Your objective: Repeat word for word the lines from the one containing "5605 N Locust" to the end of the material below, and leave all pictures out.
** Supplied material follows **
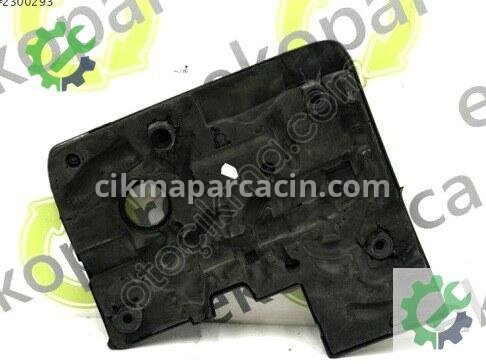 Volkswagen Polo Motor Kapağı 04B103925E çıkma parça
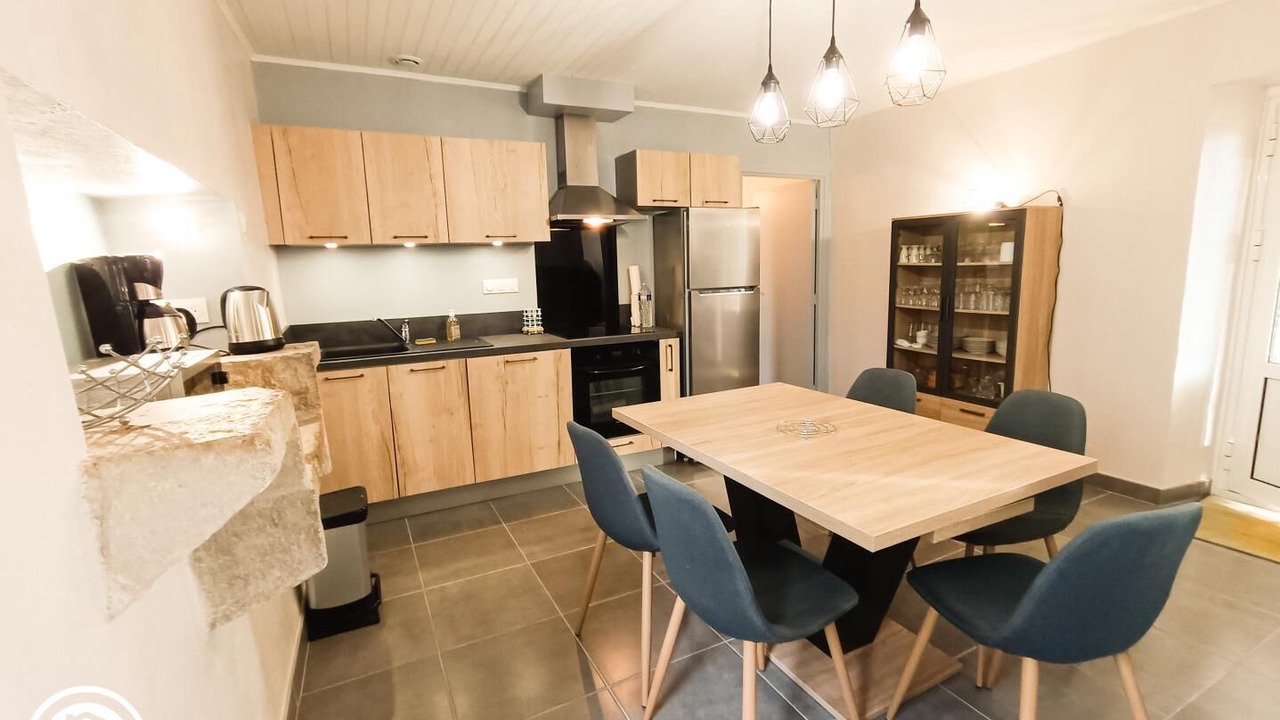 Photo of Kitchen in Saint-Vincent-Rive-d'Olt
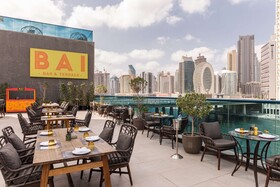 Radisson Blu Hotel, Dubai Canal View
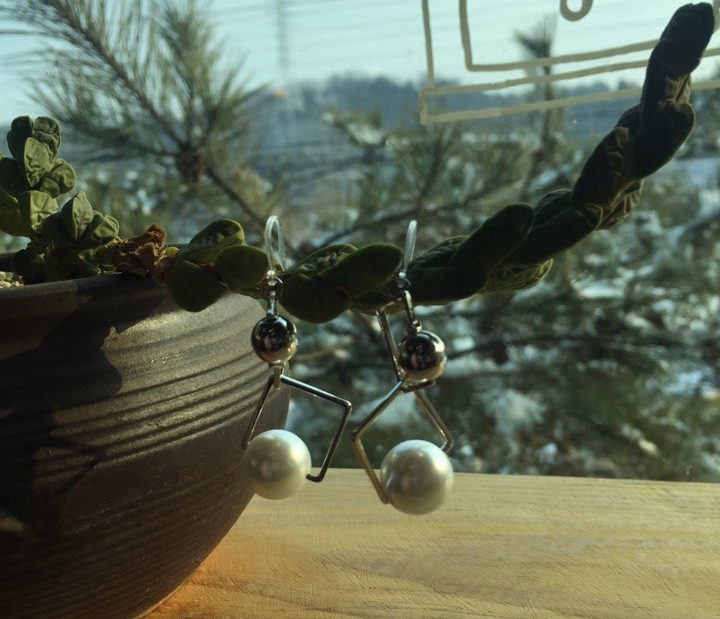 Dyna Light Pearl Square Earrings Earrings Luxuriou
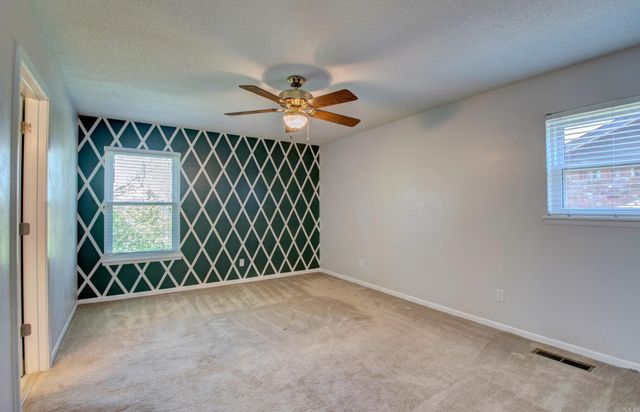 5605 N Locust Street, North Little Rock, AR 72116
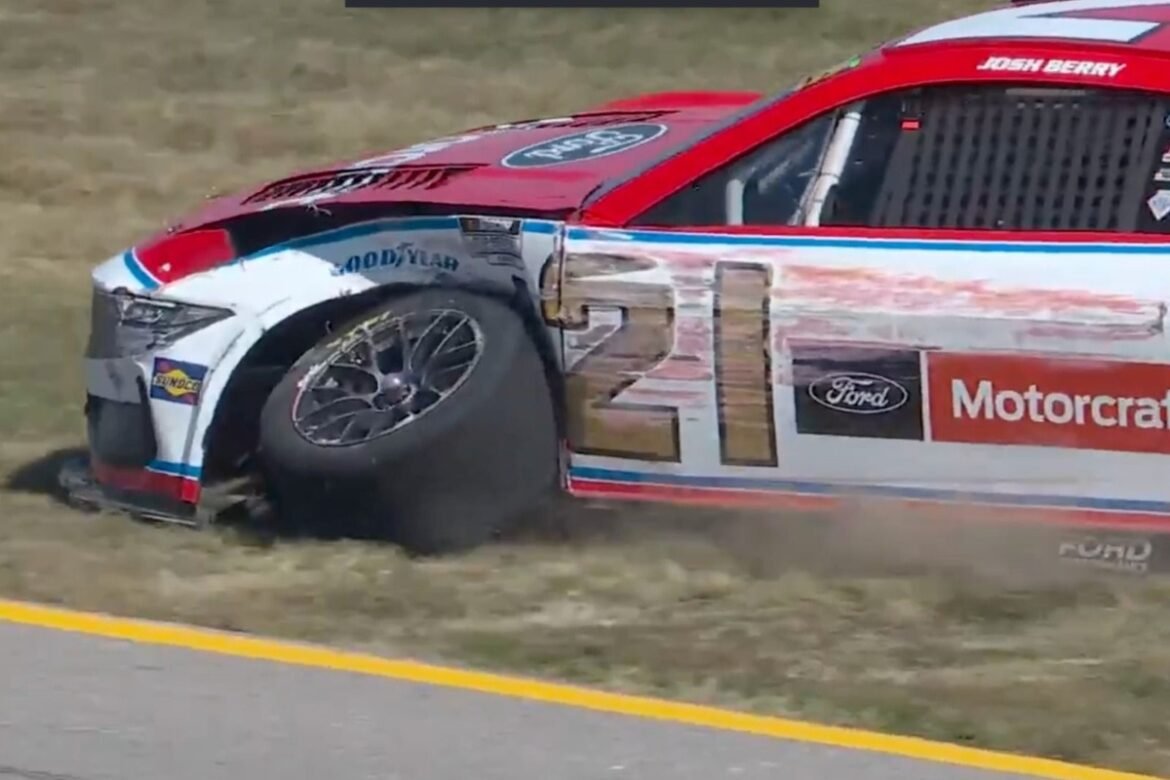 Josh Berry enfrenta situação de vitória obrigatória em Bristol após mais um incidente nos playoffs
** End of Supplied material **
Task solution:
 5605 N Locust Street, North Little Rock, AR 72116
 Josh Berry enfrenta situação de vitória obrigatória em Bristol após mais um incidente nos playoffs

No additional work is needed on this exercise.